With no media coverage allowed, many of the world’s A-list corporate leaders and government ministers will participate in the Bilderberg Group’s annual meeting in Dresden, Germany, beginning Thursday.

Unlike the celebrity-dotted annual World Economic Forum, the so-called Bilderberg Meetings provides a venue for European and North American leaders of industry and government to talk business without the burden of courting the media, whose representatives are strictly forbidden from entering Dresden’s Hotel Taschenbergpalais.

The Bilderberg Group’s secretive nature has led to an assortment of conspiracy theories. Some have complained its annual gathering amounts to a lobbying effort that should be more transparent, and others have condemned its yearly meeting as an unaccountable global governing force.

Released Tuesday, the guest list for the gathering this year includes a large number of bank executives and billionaires, as well as policymakers and senior government officials -- such as 93-year-old Henry Kissinger, a former U.S. secretary of state -- who could help grease the wheels of bureaucracy to further industry objectives that may or may not be discussed at the meeting. Who knows? The public certainly doesn’t, as pointed out by Charlie Skelton, a comedy writer and a journalist at the Guardian in Britain.
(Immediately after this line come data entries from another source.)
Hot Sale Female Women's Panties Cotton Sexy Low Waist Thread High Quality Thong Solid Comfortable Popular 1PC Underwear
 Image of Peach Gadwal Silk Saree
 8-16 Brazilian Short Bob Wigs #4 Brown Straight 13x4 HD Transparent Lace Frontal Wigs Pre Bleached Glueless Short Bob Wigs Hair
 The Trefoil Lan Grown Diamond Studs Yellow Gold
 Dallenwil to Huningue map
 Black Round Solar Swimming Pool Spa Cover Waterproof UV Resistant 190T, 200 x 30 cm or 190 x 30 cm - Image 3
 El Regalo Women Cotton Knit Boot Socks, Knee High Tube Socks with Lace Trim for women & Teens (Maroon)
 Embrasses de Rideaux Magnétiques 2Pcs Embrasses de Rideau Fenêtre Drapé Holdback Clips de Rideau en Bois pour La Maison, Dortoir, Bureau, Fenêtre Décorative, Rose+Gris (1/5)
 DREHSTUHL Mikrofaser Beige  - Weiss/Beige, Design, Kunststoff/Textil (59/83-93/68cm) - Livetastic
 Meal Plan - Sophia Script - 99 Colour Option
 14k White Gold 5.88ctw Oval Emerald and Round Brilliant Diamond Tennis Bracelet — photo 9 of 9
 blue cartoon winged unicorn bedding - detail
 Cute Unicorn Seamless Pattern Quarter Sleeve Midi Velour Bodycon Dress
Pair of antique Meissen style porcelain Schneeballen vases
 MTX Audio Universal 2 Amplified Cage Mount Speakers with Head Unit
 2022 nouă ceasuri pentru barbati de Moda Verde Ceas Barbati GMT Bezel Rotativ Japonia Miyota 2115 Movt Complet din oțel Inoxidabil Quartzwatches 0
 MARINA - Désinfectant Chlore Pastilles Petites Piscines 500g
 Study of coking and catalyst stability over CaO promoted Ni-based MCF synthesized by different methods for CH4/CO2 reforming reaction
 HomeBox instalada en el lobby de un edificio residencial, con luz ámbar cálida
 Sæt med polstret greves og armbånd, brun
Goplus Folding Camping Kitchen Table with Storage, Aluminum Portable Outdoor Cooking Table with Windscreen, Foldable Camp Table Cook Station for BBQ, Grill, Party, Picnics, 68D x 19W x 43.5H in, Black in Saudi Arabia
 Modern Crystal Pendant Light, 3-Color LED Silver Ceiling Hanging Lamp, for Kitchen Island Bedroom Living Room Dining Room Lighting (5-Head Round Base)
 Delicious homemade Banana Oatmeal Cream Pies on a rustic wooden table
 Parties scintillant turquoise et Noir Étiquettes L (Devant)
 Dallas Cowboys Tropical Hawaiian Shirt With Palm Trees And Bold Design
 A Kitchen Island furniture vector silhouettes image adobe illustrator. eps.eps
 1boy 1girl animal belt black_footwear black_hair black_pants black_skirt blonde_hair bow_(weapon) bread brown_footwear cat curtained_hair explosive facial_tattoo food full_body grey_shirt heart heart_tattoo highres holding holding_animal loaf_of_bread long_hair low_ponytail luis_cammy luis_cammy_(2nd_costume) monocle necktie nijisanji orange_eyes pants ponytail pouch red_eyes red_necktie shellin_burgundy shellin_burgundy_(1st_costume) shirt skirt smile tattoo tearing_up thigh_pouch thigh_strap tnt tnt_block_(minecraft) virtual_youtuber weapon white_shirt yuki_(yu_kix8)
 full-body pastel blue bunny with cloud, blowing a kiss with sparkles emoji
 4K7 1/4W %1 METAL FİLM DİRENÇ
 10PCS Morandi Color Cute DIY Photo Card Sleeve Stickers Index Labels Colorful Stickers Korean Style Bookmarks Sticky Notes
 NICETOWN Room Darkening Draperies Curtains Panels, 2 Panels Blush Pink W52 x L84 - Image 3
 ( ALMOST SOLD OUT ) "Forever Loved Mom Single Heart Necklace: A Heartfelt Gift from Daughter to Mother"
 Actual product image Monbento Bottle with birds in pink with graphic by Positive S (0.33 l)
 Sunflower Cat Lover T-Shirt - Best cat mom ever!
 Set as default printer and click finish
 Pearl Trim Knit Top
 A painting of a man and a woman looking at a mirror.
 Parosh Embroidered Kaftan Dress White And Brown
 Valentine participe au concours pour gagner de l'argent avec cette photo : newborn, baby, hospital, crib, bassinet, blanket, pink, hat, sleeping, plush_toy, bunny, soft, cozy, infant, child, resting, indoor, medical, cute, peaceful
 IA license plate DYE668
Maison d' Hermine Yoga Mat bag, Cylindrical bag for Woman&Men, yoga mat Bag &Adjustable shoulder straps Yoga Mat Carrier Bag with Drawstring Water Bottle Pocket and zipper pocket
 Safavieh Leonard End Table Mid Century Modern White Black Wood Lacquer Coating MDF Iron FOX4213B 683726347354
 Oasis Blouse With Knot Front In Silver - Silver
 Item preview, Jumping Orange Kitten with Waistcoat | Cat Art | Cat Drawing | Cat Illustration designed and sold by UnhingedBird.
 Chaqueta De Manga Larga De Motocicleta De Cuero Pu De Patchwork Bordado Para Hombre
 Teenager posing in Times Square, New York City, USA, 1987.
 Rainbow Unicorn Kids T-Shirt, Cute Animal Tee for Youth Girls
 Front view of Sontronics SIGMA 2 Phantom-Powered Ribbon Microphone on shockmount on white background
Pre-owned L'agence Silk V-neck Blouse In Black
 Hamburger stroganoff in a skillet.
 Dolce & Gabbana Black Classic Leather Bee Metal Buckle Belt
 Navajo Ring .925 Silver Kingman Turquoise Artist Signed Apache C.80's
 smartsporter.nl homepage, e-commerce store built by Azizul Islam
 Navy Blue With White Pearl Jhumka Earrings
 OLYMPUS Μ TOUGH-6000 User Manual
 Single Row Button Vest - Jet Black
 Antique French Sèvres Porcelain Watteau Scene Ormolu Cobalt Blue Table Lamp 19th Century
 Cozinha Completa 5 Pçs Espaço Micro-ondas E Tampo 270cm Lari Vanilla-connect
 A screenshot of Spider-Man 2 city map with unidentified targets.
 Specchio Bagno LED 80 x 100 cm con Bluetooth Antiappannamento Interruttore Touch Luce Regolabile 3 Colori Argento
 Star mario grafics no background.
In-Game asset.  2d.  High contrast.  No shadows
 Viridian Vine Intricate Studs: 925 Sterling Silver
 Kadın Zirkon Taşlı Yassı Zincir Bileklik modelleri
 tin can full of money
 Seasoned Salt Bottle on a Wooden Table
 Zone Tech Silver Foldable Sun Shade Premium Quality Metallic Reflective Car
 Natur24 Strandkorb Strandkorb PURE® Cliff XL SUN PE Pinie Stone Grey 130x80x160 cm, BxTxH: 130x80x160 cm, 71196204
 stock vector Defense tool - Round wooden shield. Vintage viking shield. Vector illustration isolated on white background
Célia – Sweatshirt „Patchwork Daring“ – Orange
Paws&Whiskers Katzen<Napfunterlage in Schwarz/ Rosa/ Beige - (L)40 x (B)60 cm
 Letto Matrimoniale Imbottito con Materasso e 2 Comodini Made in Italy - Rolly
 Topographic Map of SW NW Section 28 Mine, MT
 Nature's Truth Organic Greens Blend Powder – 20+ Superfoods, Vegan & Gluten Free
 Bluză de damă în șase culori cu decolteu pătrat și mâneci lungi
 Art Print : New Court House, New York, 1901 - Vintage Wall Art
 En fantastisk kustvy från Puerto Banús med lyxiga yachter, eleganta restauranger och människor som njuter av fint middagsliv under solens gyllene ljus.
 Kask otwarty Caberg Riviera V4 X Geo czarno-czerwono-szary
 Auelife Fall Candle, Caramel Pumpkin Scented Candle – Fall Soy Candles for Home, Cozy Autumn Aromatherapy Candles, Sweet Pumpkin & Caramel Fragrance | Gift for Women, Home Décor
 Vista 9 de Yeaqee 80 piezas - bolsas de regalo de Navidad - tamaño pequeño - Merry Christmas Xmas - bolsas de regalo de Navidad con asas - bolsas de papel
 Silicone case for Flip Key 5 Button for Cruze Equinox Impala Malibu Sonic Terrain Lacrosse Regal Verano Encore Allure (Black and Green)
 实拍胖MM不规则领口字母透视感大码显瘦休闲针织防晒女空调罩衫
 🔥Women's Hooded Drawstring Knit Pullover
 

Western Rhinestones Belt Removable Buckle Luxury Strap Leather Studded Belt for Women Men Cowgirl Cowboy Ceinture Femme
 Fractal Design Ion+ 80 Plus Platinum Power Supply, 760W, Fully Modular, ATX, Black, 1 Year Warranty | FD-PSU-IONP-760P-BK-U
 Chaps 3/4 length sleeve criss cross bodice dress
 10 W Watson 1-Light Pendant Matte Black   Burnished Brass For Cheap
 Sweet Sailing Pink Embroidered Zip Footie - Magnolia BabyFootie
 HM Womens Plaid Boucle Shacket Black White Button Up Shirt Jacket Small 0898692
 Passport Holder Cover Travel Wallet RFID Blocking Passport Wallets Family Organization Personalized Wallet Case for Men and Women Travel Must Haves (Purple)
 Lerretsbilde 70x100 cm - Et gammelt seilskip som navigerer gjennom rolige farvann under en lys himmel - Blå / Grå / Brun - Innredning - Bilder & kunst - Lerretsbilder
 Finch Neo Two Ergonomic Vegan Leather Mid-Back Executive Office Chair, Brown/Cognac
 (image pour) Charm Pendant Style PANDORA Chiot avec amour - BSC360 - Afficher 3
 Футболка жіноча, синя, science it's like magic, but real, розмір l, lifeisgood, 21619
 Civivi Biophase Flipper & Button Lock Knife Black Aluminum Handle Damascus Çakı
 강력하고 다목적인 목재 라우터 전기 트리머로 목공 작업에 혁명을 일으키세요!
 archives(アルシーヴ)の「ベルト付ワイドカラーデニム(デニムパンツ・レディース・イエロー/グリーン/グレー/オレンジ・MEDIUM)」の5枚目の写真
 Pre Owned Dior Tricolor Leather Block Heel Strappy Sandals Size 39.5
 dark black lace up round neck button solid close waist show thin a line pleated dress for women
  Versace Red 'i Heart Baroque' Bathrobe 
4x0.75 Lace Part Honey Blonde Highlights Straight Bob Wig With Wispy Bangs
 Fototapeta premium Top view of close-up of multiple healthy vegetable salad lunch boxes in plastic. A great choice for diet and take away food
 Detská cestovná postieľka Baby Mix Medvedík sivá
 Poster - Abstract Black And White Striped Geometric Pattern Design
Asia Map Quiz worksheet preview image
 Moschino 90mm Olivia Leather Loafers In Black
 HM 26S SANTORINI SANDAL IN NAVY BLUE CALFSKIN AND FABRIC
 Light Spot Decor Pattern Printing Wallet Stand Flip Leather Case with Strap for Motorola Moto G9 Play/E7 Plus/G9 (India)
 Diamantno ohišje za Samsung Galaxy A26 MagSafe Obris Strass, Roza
“Even a cursory comparison between the guest list and the conference agenda raises red flags. All those finance ministers sitting ’round discussing the ‘geopolitics of energy and commodity prices’ with the group chief executive of BP, the vice chairman of Portuguese petroleum giant Galp Energia, and the CEO of Royal Dutch Shell,” Skelton wrote. “And then afterwards saying nothing to their respective parliaments about what they discussed. It’s so off-the-chart inappropriate that it beggars comprehension.”

While the June 23 referendum on whether Britain should leave the European Union or remain in the bloc will likely hover over the gathering (so much so that Britain’s Conservative finance minister George Osborne will be notably absent this year), meeting participants will tackle several major timely topics, although any decisions made will be under wraps. No news conferences, no statements, no hard-hitting questions to answer.

Besides Kissinger, other attendees this year include Joe Kaeser, CEO and president of Siemens; John Sawers, a former British spy chief who is chairman of Macro Advisory Partners, which advises Western intelligence agencies; Eric Schmidt, executive chairman of Google parent Alphabet; four finance ministers; three German Cabinet members; and two prime ministers.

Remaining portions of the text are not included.